Q: Tomato sandwiches I guess. Salsa. Give some away
A: hey, that's a great idea!!


----------



## Tommyice (Dec 5, 2010)

Fowler said:


> I hate the land one worst, then who do you work for, ~makes me cringe~


I know who you work for. I'd cringe too. LOL


----------



## Shrek (May 1, 2002)

My standard reply to rude questions is to simply say "That is not the type of question I am inclined to entertain with a reply. Please forget that you asked as I intend to do. Let us change the subject."

If its particularly rude I will accentuate my non reply with a walking distance space separation as I turn my back on the rude party while keeping them in my peripheral field of vision as I move elsewhere.


----------



## FarmboyBill (Aug 19, 2005)

How m much hay you got
As much as I can get

How much hay you getting
All I can lay my hands on


----------



## littlejoe (Jan 17, 2007)

L.A. said:


> "I've got one head for every four feet"
> 
> Yep,,That's the answer!!


Unless you count the two on crutches, and the one double amputee.
Or they ask me how many I counted... All of them, duh! 

How much land do you own.... None, I just rent it from the govmt and pay it in taxes.



Shrek said:


> If its particularly rude I will accentuate my non reply with a walking distance space separation as I turn my back on the rude party while keeping them in my peripheral field of vision as I move elsewhere.


Wish I could swivel my head like that!


----------



## L.A. (Nov 15, 2007)

I wonder why nobody pointed out that.....

Cattle ain't got no feet........


----------



## boiledfrog (Jun 2, 2011)

Here's another rude question. Why are you embarrassed by how many cows you have?


----------



## foxfiredidit (Apr 15, 2003)

Because my cows are so poor folks say I don't have cows, just the frames for those I'm trying to build.


----------



## TenBusyBees (Jun 15, 2011)

I am continually amazed at how complete strangers want to know why we have so many children or if we plan on having more or um, how our children where delivered. :shocked: 

I've replied with...
blank stares
Does it matter? You're not paying the bill.
I love my husband.
I don't know how this keeps happening. Could you explain it to me?


----------



## Prismseed (Sep 14, 2009)

If you talk about street racing people will ask what car you drive.

If you talk about football people will ask who is your team.

If you talk about farming people will ask how much land you're working.

If you talk about cattle people will ask how large your herd is.

The only thing wrong with the questions are if you have shame of your answer.

Granted there are some exceptions the "Oh you're raising 10 cattle? I miss those days I've got 500 spread out betweeen...." and that isn't so much a rude question as someone with ego or other 'traits'.


----------



## Prismseed (Sep 14, 2009)

We're homesteaders not Monsanto. It isn't about how much we have, but how much effort and management we put into what we do have.


----------



## BetsyK in Mich (May 14, 2002)

When asked how many acres I have I say "enough to keep me poor" or "almost a quarter of a section". That usually gets me a puzzled stare since not many folks who would ask know what a section is. The first answer usually sidetracks the money question.


----------



## Evons hubby (Oct 3, 2005)

How many acres do you own?

which farm?

How many cattle do you own?

all of them. 

How much money do you make?

None... I get mine the old fashioned way.... I earn it. 
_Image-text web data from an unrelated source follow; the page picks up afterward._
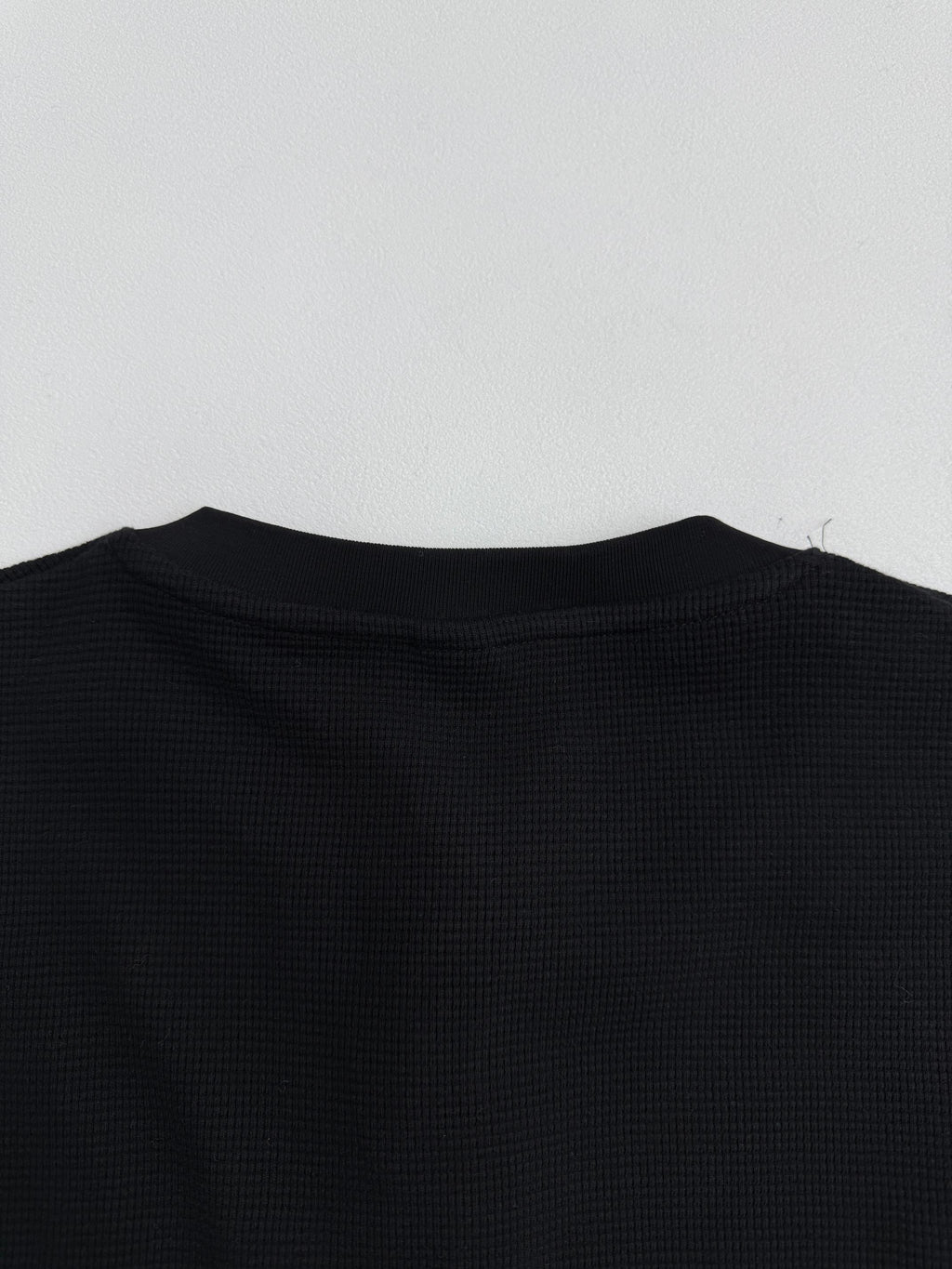 Black long-sleeve shirt back with crew neckline and textured fabric surface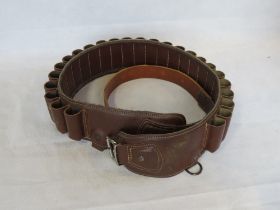 A brown leather cartridge belt made by El Caballo (Spain).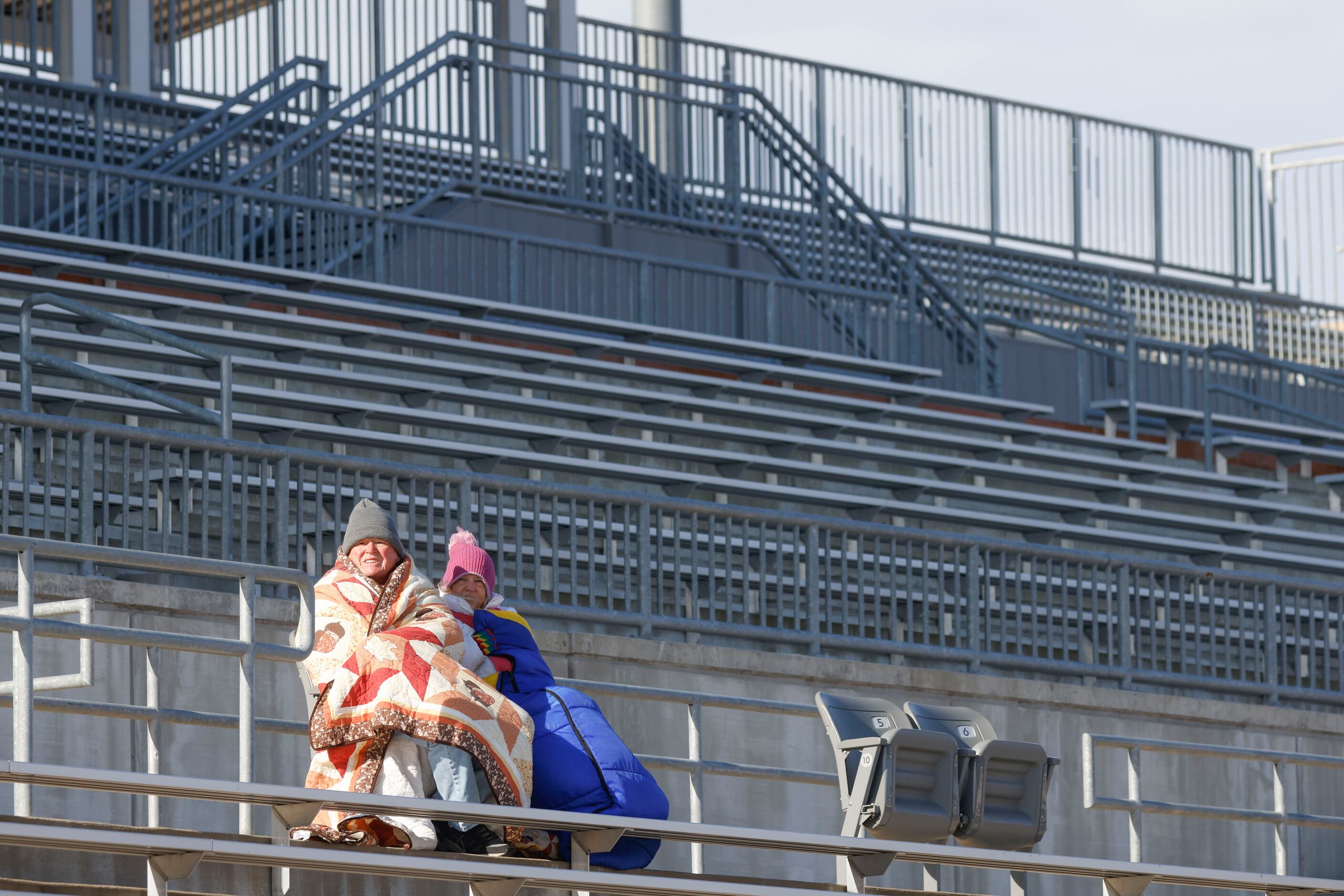 People wearing warm clothes watch a soccer game between South Grand Prairie High School and...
or... I really dunno... I cant afford to stop working long enough to count it. 

How many kids do you have?

None... I am too busy raising kids other people cant be bothered with. 

One of my all time favorites..... 

How much milk does that goat give you a day?

None..... she produces about a gallon a day... but she gives nothing away, I have to squeeze every drop from her! 

Another oft used old standard...

Who do you work for?

I had a job once... didnt care for it... some guy was always coming around waking me up wanting me to do stuff.


----------



## Vickie44 (Jul 27, 2010)

If a stranger asked questions like this I might put them off but I certainly cant see why you would nt want to speak of these things with some one you are getting to know, especially if they shared something first ie I work at blah blah blah , How do you make a living ?


----------



## Fowler (Jul 8, 2008)

Vickie44 said:


> If a stranger asked questions like this I might put them off but I certainly cant see why you would nt want to speak of these things with some one you are getting to know, especially if they shared something first ie I work at blah blah blah , How do you make a living ?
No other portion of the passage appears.